The report of the pope taking back refugees with him was not confirmed by Vatican authorities. Vatican spokesman the Rev. Federico Lombardi declined to comment on the report, and said, according to AP: “I have nothing to say at this time.”
Just hours before the pope arrived at the Greek island, authorities intercepted a dinghy that was carrying 41 Syrian and Iraqi nationals off the coast of Lesbos. The detained refugees were brought onshore in the main part of Mytilene.
Refugees are not numbers, they are people who have faces, names, stories, and need to be treated as such.
— Pope Francis (@Pontifex) April 16, 2016
A deal between the European Union and Turkey stipulates that any person who arrives secretively to Greek islands on or after March 20 will be returned to Turkey unless they apply for asylum in Greece. The deal also states that for every Syrian sent back, the EU will take another Syrian from Turkey to be resettled in the region.

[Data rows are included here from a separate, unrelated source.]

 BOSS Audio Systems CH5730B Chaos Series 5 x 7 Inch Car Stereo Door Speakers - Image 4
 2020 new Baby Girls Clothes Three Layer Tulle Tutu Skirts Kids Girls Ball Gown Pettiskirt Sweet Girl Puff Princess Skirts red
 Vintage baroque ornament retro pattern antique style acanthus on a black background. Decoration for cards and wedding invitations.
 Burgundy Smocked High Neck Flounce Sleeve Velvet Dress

In exchange Turkey was also given concessions, including billions of euros to tackle the crisis of over 2.7 million Syrian refuges living there. The country was also promised a speedy accession talks with the EU.
The Vatican official in charge of migrants, Cardinal Antonio Maria Veglio, had stated that the EU-Turkey deal treats refugees as merchandise and does not recognize their inherent dignity as humans. However, the Vatican insists that the pope’s visit Saturday was purely humanitarian and religious in nature and was not a political or a “direct” criticism of the EU deal.